## [EXERCISE GOAL]
Lines before the one holding "Ewe adopting unit - Image 1" are not wanted. Please copy that line and everything after it to the end of the records, exactly, skipping pictures.

## [PROVIDED RECORDS]
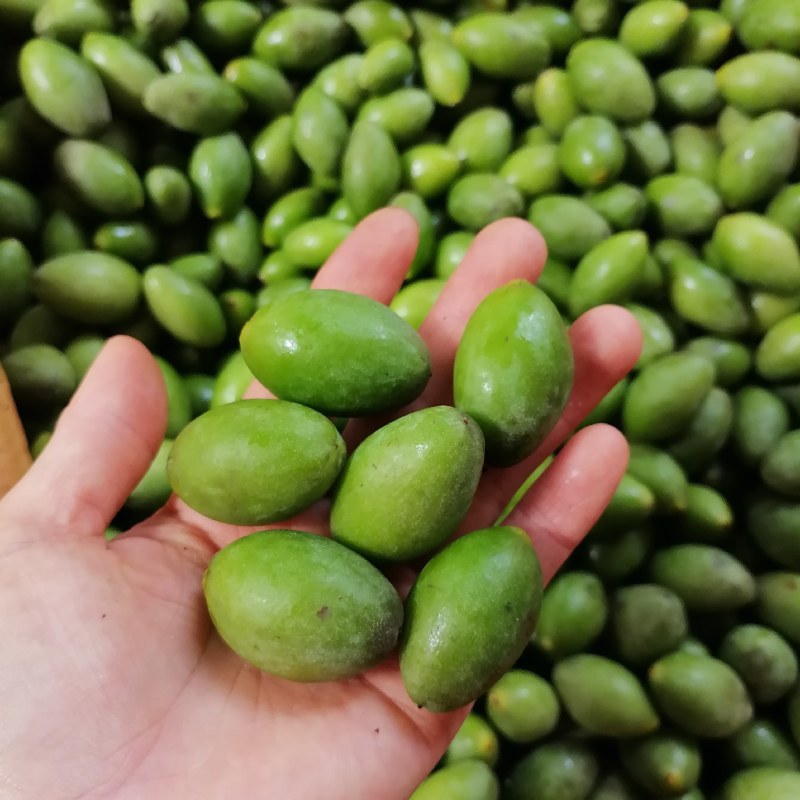 新鲜靓靓甜橄榄新鲜上市，品质保证！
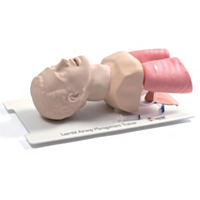 Laerdal Airway Management Trainer 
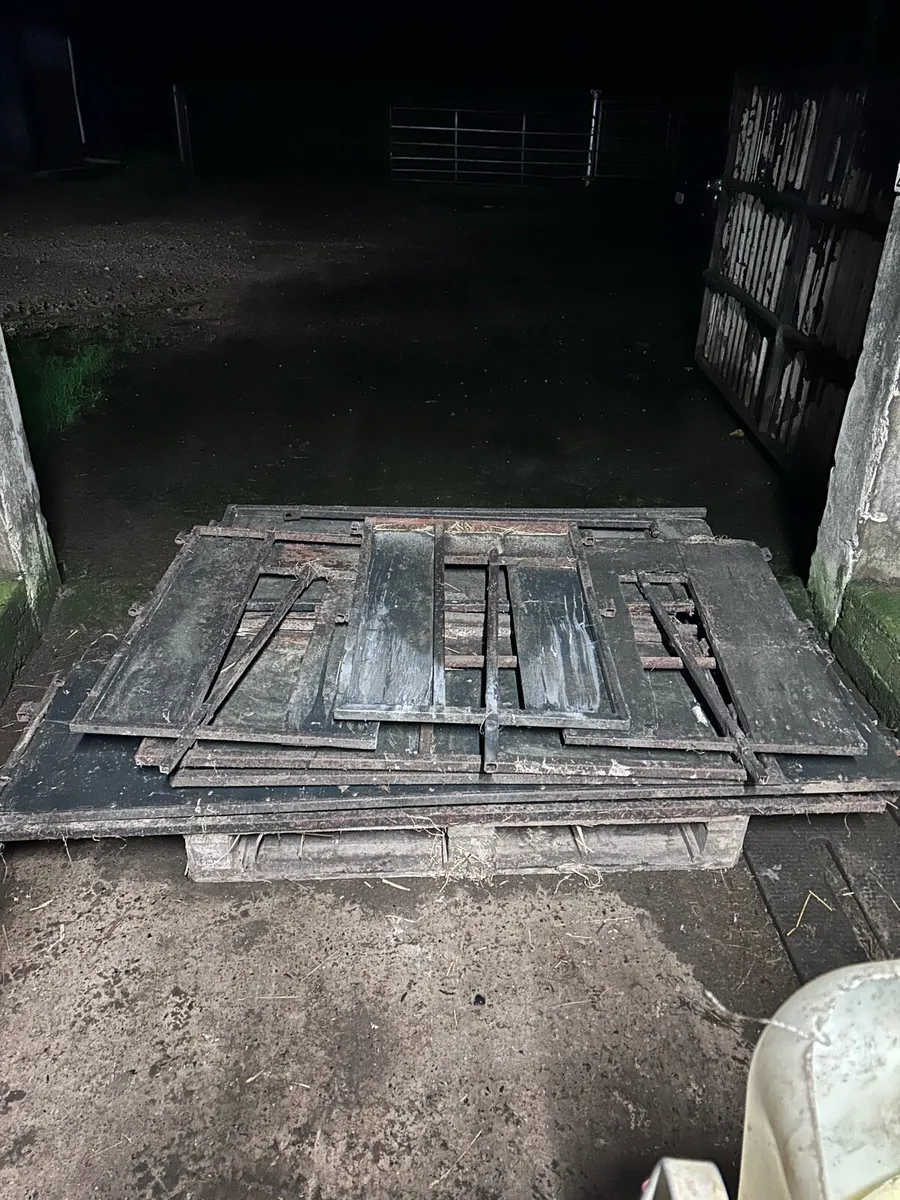 Ewe adopting unit - Image 1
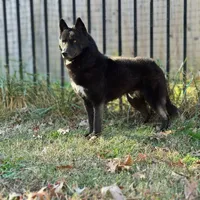 Koji, a male Siberian Husky for sale in Doswell, VA – Photo 3 of 3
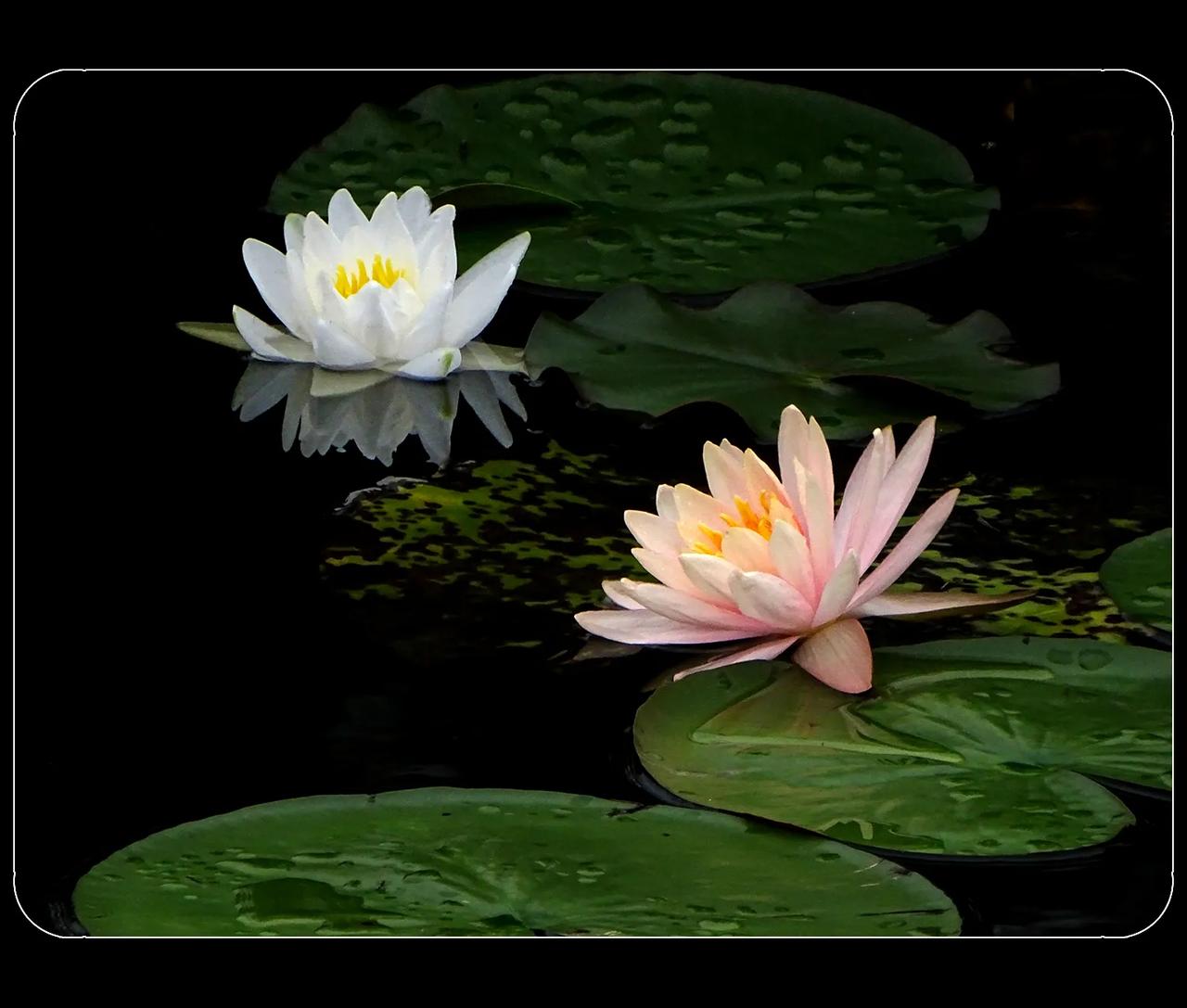 《秋日的睡莲花》
前几天成都还是酷热天气，一昼夜的秋雨，成都似乎一下子到了深秋。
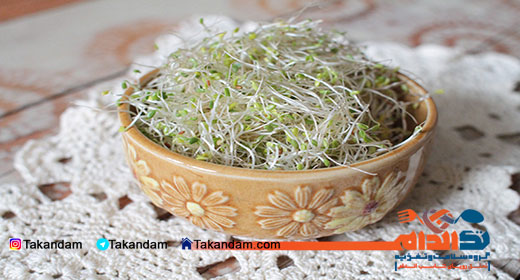 alfalfa-sprouts-benefits-banner-fresh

## [SOLVED EXERCISE]
 Ewe adopting unit - Image 1
 Koji, a male Siberian Husky for sale in Doswell, VA – Photo 3 of 3
 《秋日的睡莲花》
前几天成都还是酷热天气，一昼夜的秋雨，成都似乎一下子到了深秋。
 alfalfa-sprouts-benefits-banner-fresh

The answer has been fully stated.